И Джи понимает. Кивает и я расслабляюсь, приглашая её сесть на диван рядом со мной. Она кладёт голову на мои колени и смотрит на удивление так пронзительно, все больше напоминая Лили.
― Слышал новость? ― Уизли вздыхает и хмурится, отводя взгляд.
― Какую?
Разумеется, я начинаю догадываться, какую именно, но желание посмотреть на морщащееся, веснушчатое лицо Джиневры, оказывается слишком высоко.
― Гарри сошёлся с Гермионой.
Джи прикусывает уголок нижней губы и жмурится, видимо, чтобы сдержать поток подступающих к глазам слез. Касаюсь пальцами ее рыжих волос, особенно долго задерживаясь у макушки.
Война изрядно истрепала всех, особенно ― Гарри. И я прекрасно могу понять его ярое стремление к тихой и уютной гавани, когда все это наконец кончится.

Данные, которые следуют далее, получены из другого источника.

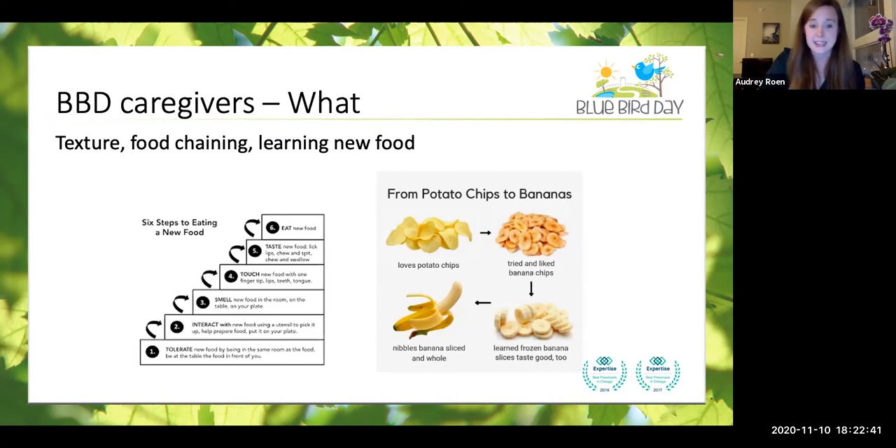The eating ladder starts all the way down at tolerating — just being able to be in a room with a new food, which can be a really huge step forward for a lot of kiddos. It goes up to interacting with a new food, maybe playing with a utensil or their fingers, then smelling it and being okay with it being near their face, touching and manipulating it with hands and fingers, then tasting — you can kiss it, you can lick it — and finally being okay with chewing it, swallowing it, and consuming a full serving size.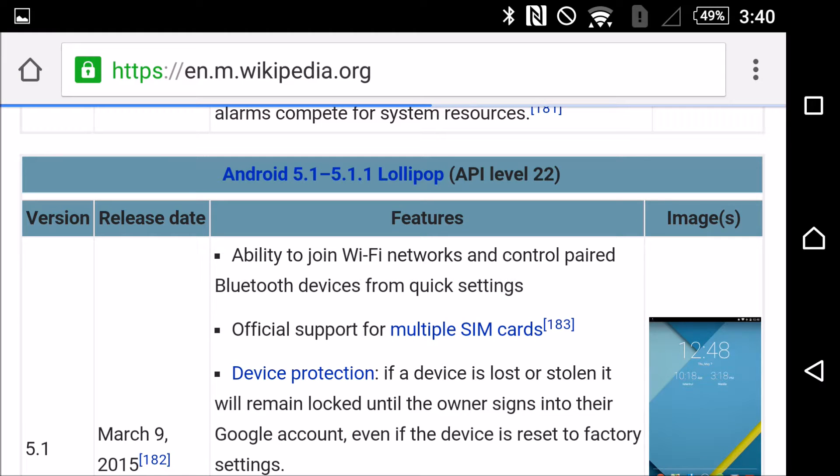Hey everyone, so you guys may have seen that I just uploaded some basic Android Lollipop tutorial videos to my channel. It's pretty beginner stuff so it probably won't appeal to most of you guys, but I'm going to be uploading some more advanced stuff here shortly. But now for the purpose of this video...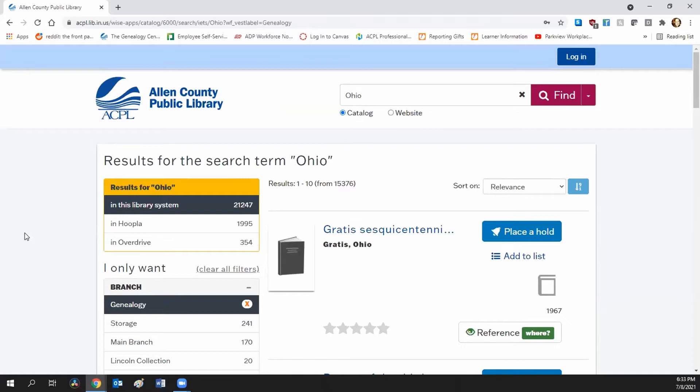For the Genealogy Center catalog, you do not want to log in. This is only for ACPL card holders. At the very bottom of your handout, it says you do not need a library card to use our catalog or collection. You don't really want a library card for our library unless you live in Allen County or come here enough that parking would be paid for, because it costs money to get a library card for our system. The benefit is parking — you're not going to get access to additional databases or materials.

― Помнишь, как пару лет назад я рассказывал тебе сказки? Про звезды, которые всегда улыбаются и смеются вместе с тобой, малышка Джи. ― утираю пальцами дорожки слез с её щёк, замечая взгляд особенно блестящих сегодня карих глаз. ― Звезды не хотели бы, чтобы ты грустила. Ты ещё ведь так молода, чтобы переживать о подобных вещах. А что о Гарри, — ему действительно требуется тихо плывущая по течению гавань, которую ты вряд-ли бы обеспечила, в силу особой яркости и эксцентричности.
― Я могла бы дать ему эту «тихо плывущую гавань», море любви и кучу детей! ― подбородок у Джинни трясётся, губы поджимаются в тонкую полоску, и она резко встаёт с дивана, нарушая всю интимность скопившейся вокруг атмосферы.
― Ну да, я перегнул палку, каюсь. ― поднимаю руки вверх, показывая свою обезоруженность и улыбаюсь, в надежде растопить «лёд в ее сердце». Знаю ведь, что Джинни не может обижаться вечно.
Улыбка налипает и на ее губы. Уизли вздыхает и чуть более расслабленно плюхается обратно на диван, поджав колени и положив голову на моё плечо. Я целую ее в макушку, наконец впервые за долгое время ощутив, что меня больше не мучают кошмары.